Der Finanzexperte glaubt, dass Deutschland die aktuellen Herausforderungen in neue Dynamik und Stärke umsetzen kann. Im Interview mit dem "Handelsblatt" spricht er über den Stimmungswandel und die Aussichten für europäische Aktien.

Mohamed El-Erian: "Nun jedoch kommt die Erkenntnis, dass die Dinge, die die gute Stimmung in der Wirtschaft und an den Märkten stören, zuerst in Kraft treten."
Mohamed El-Erian: "Nun jedoch kommt die Erkenntnis, dass die Dinge, die die gute Stimmung in der Wirtschaft und an den Märkten stören, zuerst in Kraft treten."© Chris Ratcliffe / Bloomberg

Der Umschwung am US-Aktienmarkt hat viele amerikanische Investoren unvorbereitet getroffen, sagt Finanzmarktexperte Mohamed El-Erian im Interview mit dem "Handelsblatt". Deshalb komme es gerade zu den dramatischen Kursbewegungen an der Wall Street.

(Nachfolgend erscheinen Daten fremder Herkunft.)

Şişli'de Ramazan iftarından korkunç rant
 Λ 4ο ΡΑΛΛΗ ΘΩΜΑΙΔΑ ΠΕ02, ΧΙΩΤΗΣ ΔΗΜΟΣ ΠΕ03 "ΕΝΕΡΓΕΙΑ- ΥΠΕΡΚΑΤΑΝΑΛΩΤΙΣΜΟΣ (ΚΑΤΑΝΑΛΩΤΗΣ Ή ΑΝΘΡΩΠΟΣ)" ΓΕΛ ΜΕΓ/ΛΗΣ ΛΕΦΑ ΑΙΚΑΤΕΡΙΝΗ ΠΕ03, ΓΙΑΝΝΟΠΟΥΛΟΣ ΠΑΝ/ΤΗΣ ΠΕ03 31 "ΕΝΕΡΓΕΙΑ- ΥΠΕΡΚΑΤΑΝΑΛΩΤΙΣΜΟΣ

USA erwachen in der Realität
Die US-Investoren würden derzeit die negativen Folgen der neuen US-Wirtschaftspolitik erfahren. Sie seien fälschlicherweise davon ausgegangen, dass alle wichtigen Wirtschaftsmaßnahmen gleichzeitig passieren würden. "Trump hat günstige Energie, weniger Einwanderung, die Reform des öffentlichen Sektors, eine strengere Handelspolitik und Deregulierung versprochen", so El-Erian. "Nun jedoch kommt die Erkenntnis, dass die Dinge, die die gute Stimmung in der Wirtschaft und an den Märkten stören, zuerst in Kraft treten."

Das politische System der USA hält El-Erian zwar für robust, doch die USA würden ihren Vorsprung aufs Spiel setzen. "Wenn man die Demokratie verliert, verliert man die Rahmenbedingungen für den Erfolg", so El-Erian. Das sei derzeit die Sorge vieler Investoren mit Blick auf die USA.

Deutsche Aktien mit Spielraum nach oben
In Deutschland könnten die Erfahrungen der wirtschaftlichen Schwäche und der Abwendung der USA einen Sputnik-Moment auslösen, wie in den USA der russische Erfolg in der Raumfahrt 1957, glaubt El-Erian. Er sieht die Chance, dass Deutschland neue Kräfte freisetzt. "Lange haben sich die Aktienmärkte in Europa schlechter als die US-Börse entwickelt – bis vor Kurzem", sagt der ehemalige Chef des Vermögensverwalters Pimco: "So gesehen haben die Kurse in Deutschland Spielraum nach oben."

Die europäischen Aktien sehen seiner Ansicht nach attraktiver aus, weil die Bewertungen niedriger sind als in den USA. Viele würden zudem davon ausgehen, dass Deutschland seine fiskalische Macht entfesselt und mehr für Verteidigung und Infrastruktur ausgibt. Er selbst zeigt sich dabei zurückhaltender: "Ich persönlich denke, dass der Markt mit der Euphorie ein wenig zu weit geht. Doch viele Investoren sind sehr davon überzeugt." (jh)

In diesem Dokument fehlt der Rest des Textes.